> Assignment: I'd like the entire listing output verbatim, apart from the pictures.

> Collected material:
=== Begin Enclosure ===
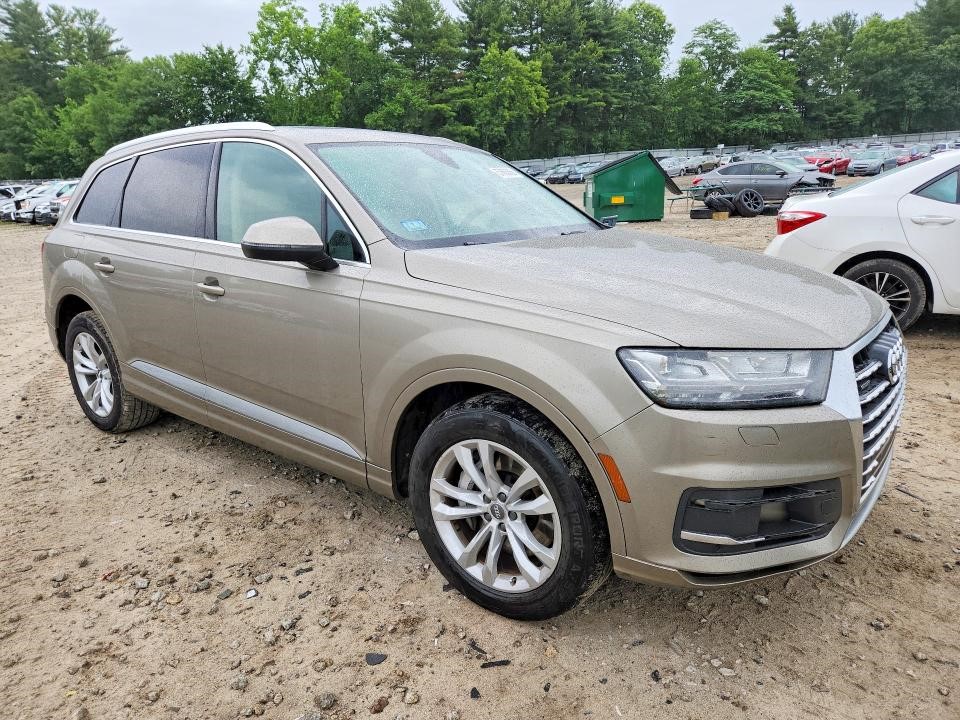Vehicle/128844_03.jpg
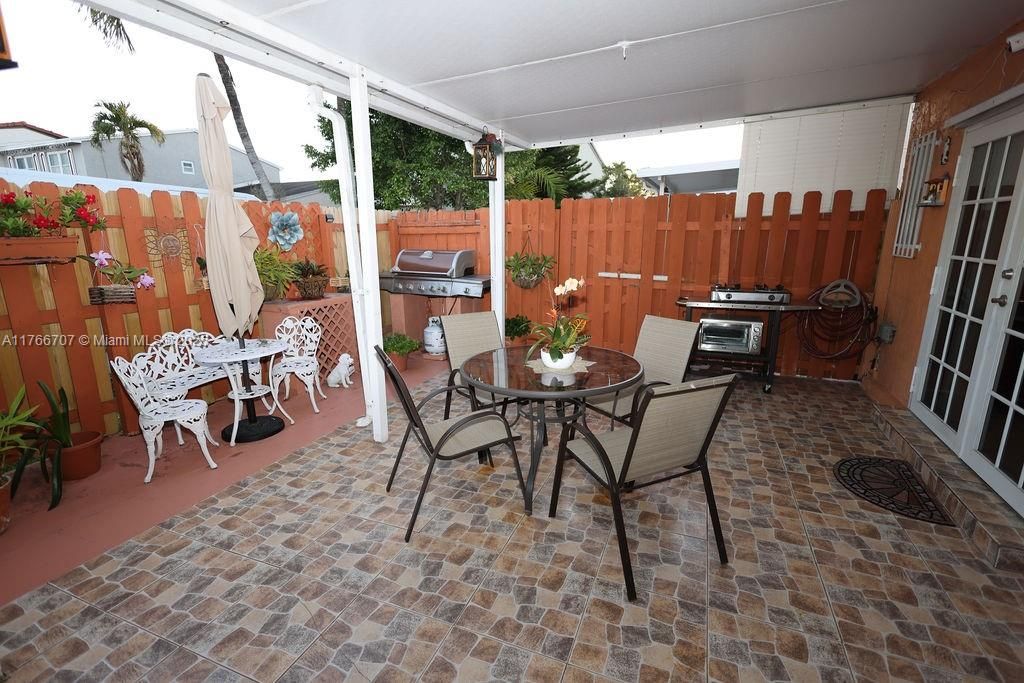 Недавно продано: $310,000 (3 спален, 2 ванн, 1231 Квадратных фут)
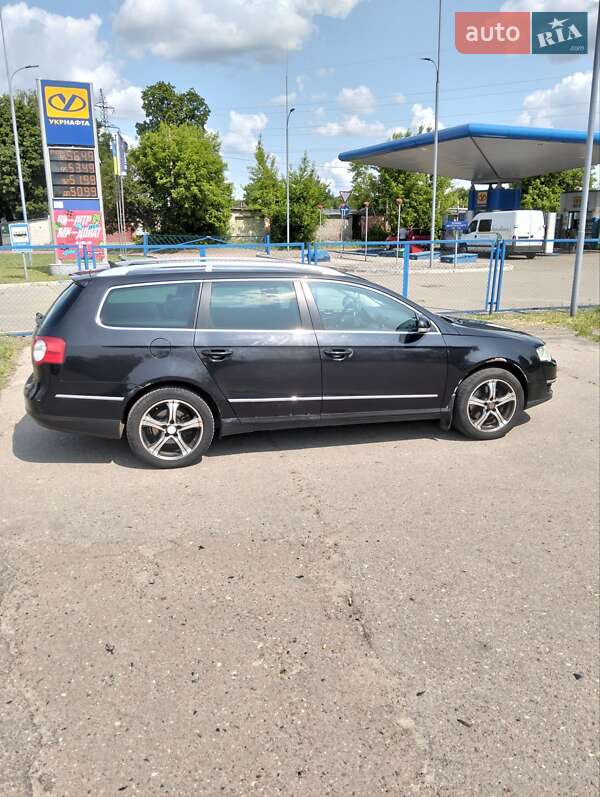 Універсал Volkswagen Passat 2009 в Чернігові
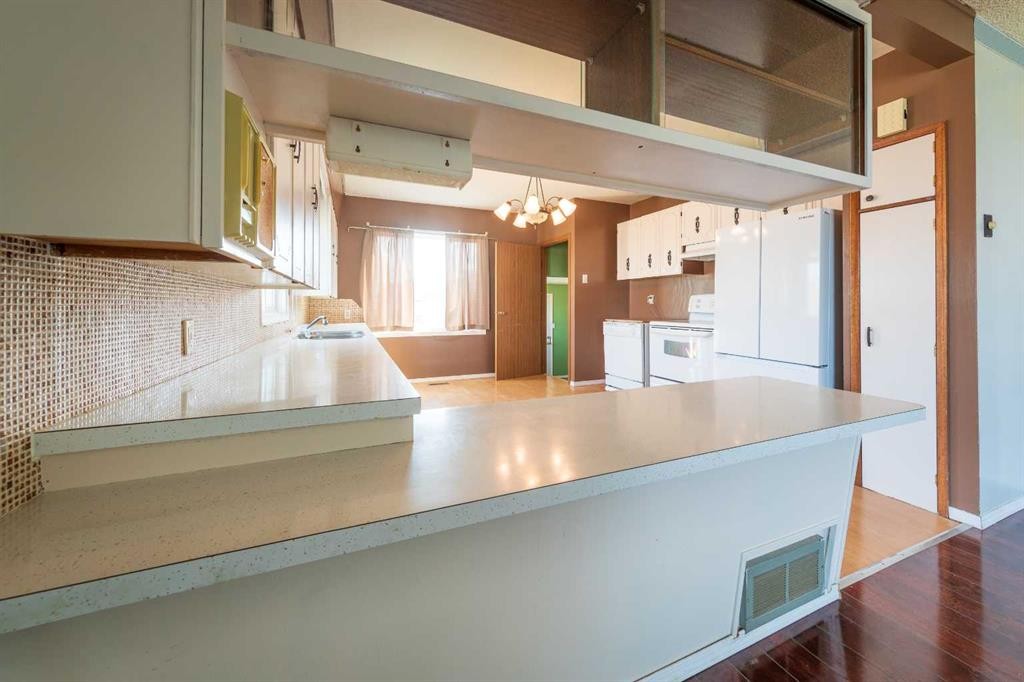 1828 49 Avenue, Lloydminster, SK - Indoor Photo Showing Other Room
=== End Enclosure ===
> Exercise solution:
Vehicle/128844_03.jpg
 Недавно продано: $310,000 (3 спален, 2 ванн, 1231 Квадратных фут)
 Універсал Volkswagen Passat 2009 в Чернігові
 1828 49 Avenue, Lloydminster, SK - Indoor Photo Showing Other Room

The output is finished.